(RECORDS FOR PROCESSING)

╭──

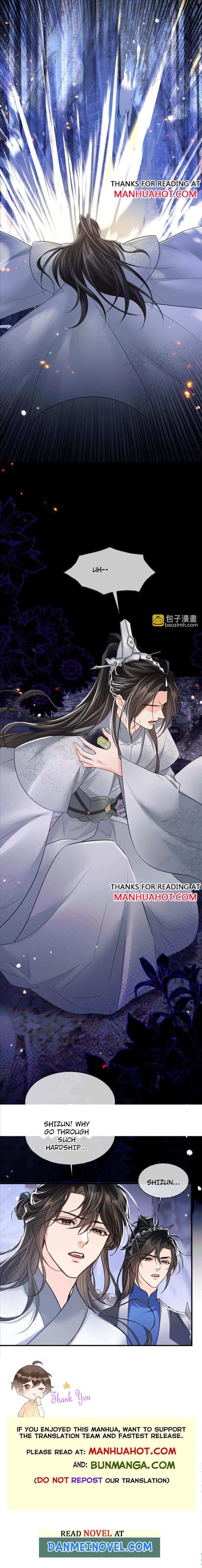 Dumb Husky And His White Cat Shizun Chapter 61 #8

╰──
╭──

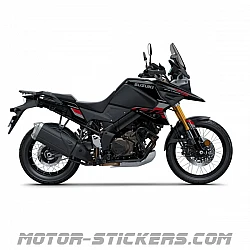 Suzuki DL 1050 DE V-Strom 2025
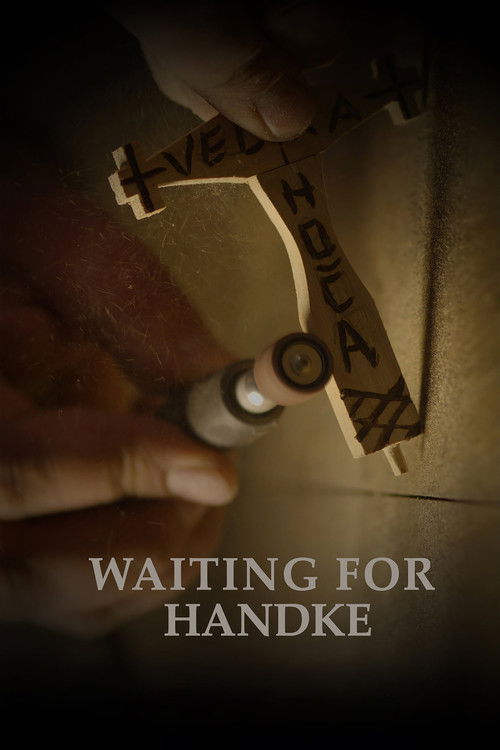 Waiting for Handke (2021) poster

╰──
╭──

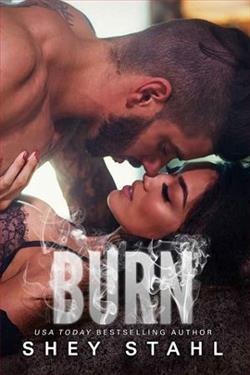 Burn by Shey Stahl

╰──

(HOW TO COMPLETE THIS TASK) Above are the records; restate exactly the lines from the one containing "Suzuki DL 1050 DE V-Strom 2025" through the one containing "Waiting for Handke (2021) poster", keeping pictures out.

(RESPONSE FOR THIS EXERCISE)
 Suzuki DL 1050 DE V-Strom 2025
 Waiting for Handke (2021) poster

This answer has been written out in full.